SULLIVAN COUNTY –– Legislators awarded the first round of 2022 Plans and Progress grants, which totaled $54,100, at a special meeting on Thursday. The Plans and Progress Program provides …
SULLIVAN COUNTY –– Legislators awarded the first round of 2022 Plans and Progress grants, which totaled $54,100, at a special meeting on Thursday.
The Plans and Progress Program provides grants of up to $10,000 to assist local municipalities, community groups, and not-for-profit organizations throughout Sullivan County with projects related to tourism, community and economic development, image enhancement, trails development, health improvement, agricultural and farmland protection, and other community goals.
The six round one recipients were: The North American Cultural Laboratory (NACL) in the Town of Highland ($10,000 for winterizing its theater for year-round use); The Delaware Company in the Town of Highland ($10,000 to support the Festival of Founding Fish: Upper Delaware Shadfest 2022, which will take place May 20-22);
WJFF Radio Catskill in the Town of Liberty ($5,500 to install a microwave studio to transmitter link); the Town of Fallsburg ($8,600 for Hometown Heroes banners honoring active duty and veteran members of the U.S. Armed Forces); the Town of Thompson ($10,000 to create public access to the Neversink River in Bridgeville); and Nesin Cultural Arts in the Village of Monticello ($10,000 for a Professional Art Show & Nutcracker Holiday Family Concert, both free to the public).
The Division of Planning is accepting applications for the remaining $45,900 of program funds until 4 p.m. on May 6. Completed applications may be submitted electronically or delivered to the Division of Planning & Community Development, County Government Center, 100 North Street, Monticello, NY 12701. Applications will be accepted until all funds are committed.
Applicants are encouraged to discuss any projects with the Division of Planning and Community Development prior to applying. Staff is available to answer questions and to assist potential applicants with project development and applications. The program guidelines and application form are available on the County website at SullivanNY.us.
For more information, contact Planning@sullivanny.us, or call (845) 807-0527.
Main Street Communications has been chosen by the Legislature to review census data and provide three options for redistricting.
Legislators approved the resolution introduced by Chairman Rob Doherty and Legislator/Minority Leader Ira Steingart, authorizing a $25,000 contract with Main Street Communications for the aforementioned services.
The County had put out a Request for Proposal, and received five submissions before making their decision.
Doherty noted that Main Street Communications was who the County used to develop their redistricting maps the last two times it was done.

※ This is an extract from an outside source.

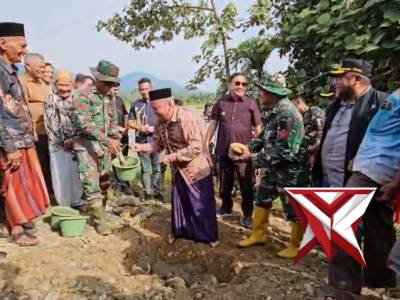 Kapolres Beserta Forkopimda menghadirkan acara pembuatan Jembatan di Desa Kumbang Jaya - PoliceTube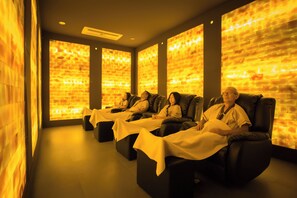 Behandelingskamers voor koppels, een sauna, een bubbelbad, een stoombad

Main Street Communications will come and talk with legislators in the near future, and when the redistricting scenarios are created, Doherty said all three options will be put out and discussed in public.
County Coroner Albee Bockman told legislators on Thursday that their office received 26 calls for the month of March. They performed 10 autopsies, five of which were determined to be overdose deaths, representing 20 percent of last month’s County deaths.
In 2021, Bockman reports the Coroner’s office answered 296 calls and performed 136 autopsies. Forty-two of the 296 deaths for the year were overdose deaths.
“Fifteen percent of all the deaths in Sullivan County for the year 2021, you can attribute to the opioid crisis that we have,” said Bockman.
Captain Reva Navarro, New York State Police Troop F Zone Commander, told legislators that the number of DWIs continue to increase.
“I believe it’s a huge safety concern,” she said. “Everyday these troopers are out there arresting those under the influence of both alcohol and drugs.
“The other increase is in vehicle pursuits, whether it’s due to bail reform, or different legislative issues, we see more operators running from the police and not stopping,” she continued. “So we’ve had ... I believe it was a 161 percent increase throughout the entire troop.”
Legislators began Thursday’s slate of meetings with a proclamation in honor of National Public Safety Telecommunicator Week.
Legislator Nicholas Salomone, who chairs the Public Safety and Law Enforcement Committee, said, “Many times we forget the 911 operator or telecommunications are the frontline. The call they get, how they interpret it and how they dispatch the vehicles can mean life or death.”